Monsieur X et société Y contre NODYA et BI3E - RG J 2022 000 601 - jugement du 3 novembre 2023 (16ème chambre)
Mots-clés :
DROIT DES SOCIETES – Cession de droits sociaux – Dividendes
Sommaire :
Force obligatoire du contrat - Distribution de dividendes préalable à une cession de société – Licéité d’une telle distribution en dehors de l’assemblée générale ordinaire approuvant les comptes de l’exercice
Le 30 septembre 2019, Monsieur X, à titre personnel, et sa holding Y avaient conclu un accord pour la cession de la société BI3E, qu’il avait créée, à la société NODYA.
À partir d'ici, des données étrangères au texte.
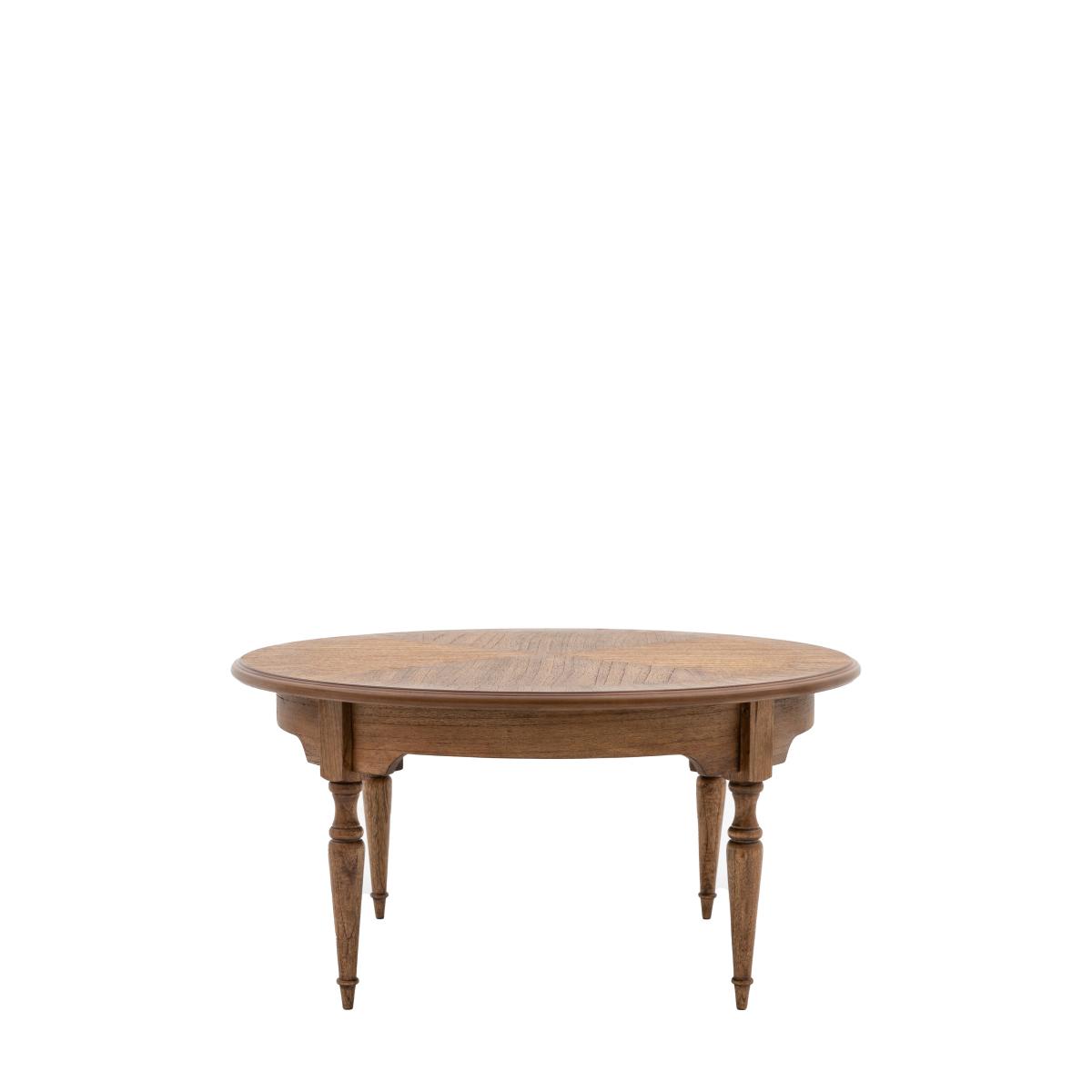 Matola Coffee Table Matola Natural – image 7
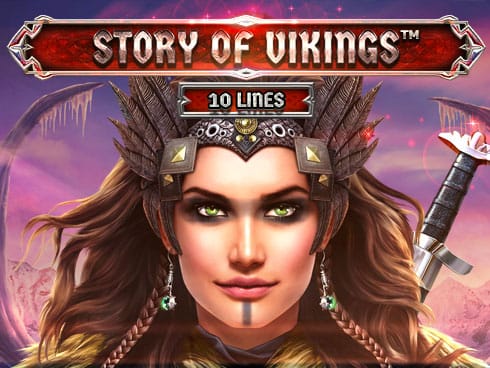 Story Of Vikings 10 Lines Edition game icon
Le contrat prévoyait une cession des actions en deux temps : 55% immédiatement et le solde à terme. Le prix de cession convenu pour la première tranche faisait l’objet d’un crédit vendeur et était payable de façon échelonnée sur trois ans. En outre, le contrat prévoyait le remboursement par BI3E des comptes courants existants sous réserve d’une trésorerie suffisante et la distribution, avant la cession, de dividendes exceptionnels pris sur les réserves.
NODYA et BI3E n’ayant réglé que très partiellement ce qui était convenu, Monsieur X les assigne en exécution forcée.
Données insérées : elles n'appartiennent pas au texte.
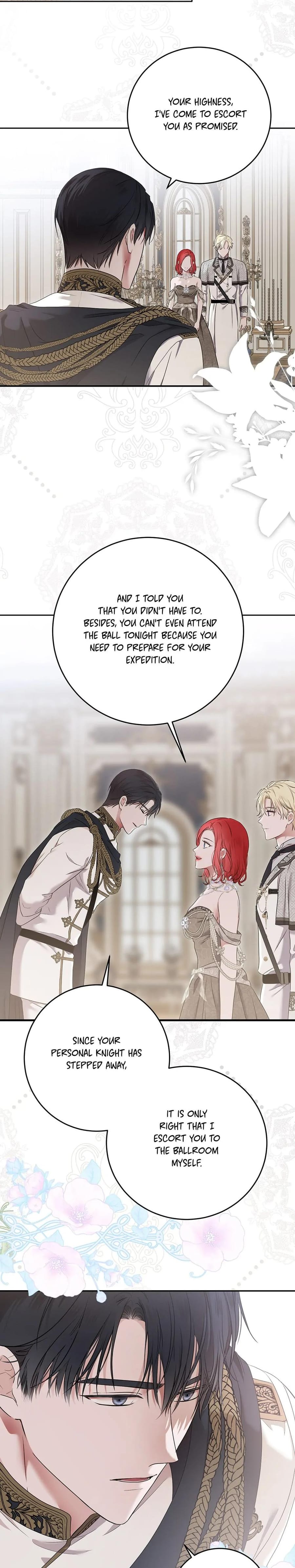 I Fell into a Reverse Harem Game! Uncensored, chapter 111, page 6 of 25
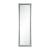 Noralie 97713 Mirrored/Faux Diamonds Accent Floor Mirror w/LED Light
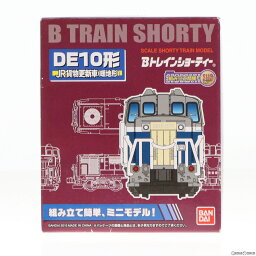 【中古】[RWM]936875 Bトレインショーティー DE10形 JR貨物更新色(暖地形) 組み立てキット Nゲージ 鉄道模型(20150124)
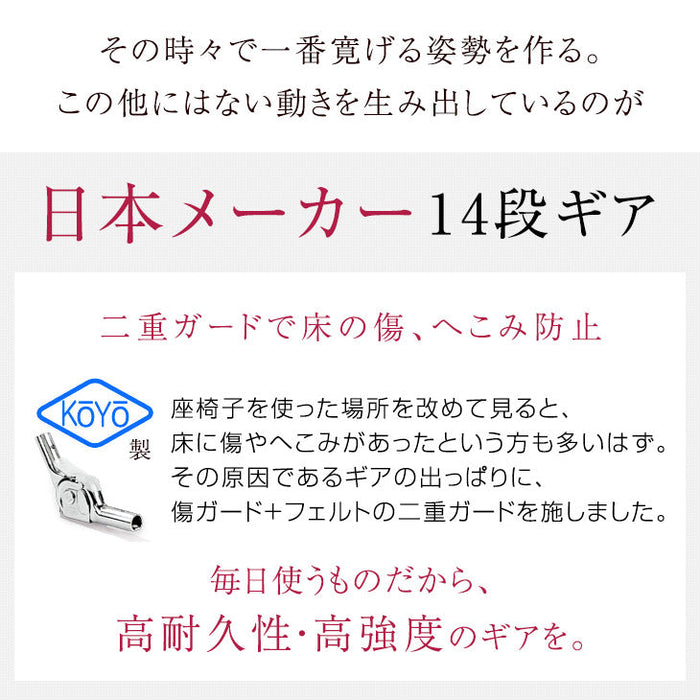 ★12時～販売開始★【アウトレット半額!! キャンセル戻り品】リクライニング座椅子 14段ギア 低反発 コンパクト ブラウン〔6517000191out・out3174〕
- Les défendeurs prétendent qu’un accord avait été trouvé pour réduire le prix de cession, mais n’en produisent aucune preuve. Les demandeurs reconnaissent bien des négociations sur le sujet, mais dénient tout accord. Le prix de cession étant ferme et définitif aux termes du contrat de cession, le tribunal ordonne à NODYA de régler le solde impayé.
- S’agissant des comptes courants, le tribunal relève que l’accord des parties avait uniquement conditionné ce remboursement à l’existence d’une trésorerie suffisante chez BI3E. Il constate que les comptes arrêtés par les défendeurs eux-mêmes à la fin de l’année 2019 faisaient apparaître une trésorerie disponible qui permettait très largement le remboursement de la totalité des comptes courants et condamne BI3E à les rembourser.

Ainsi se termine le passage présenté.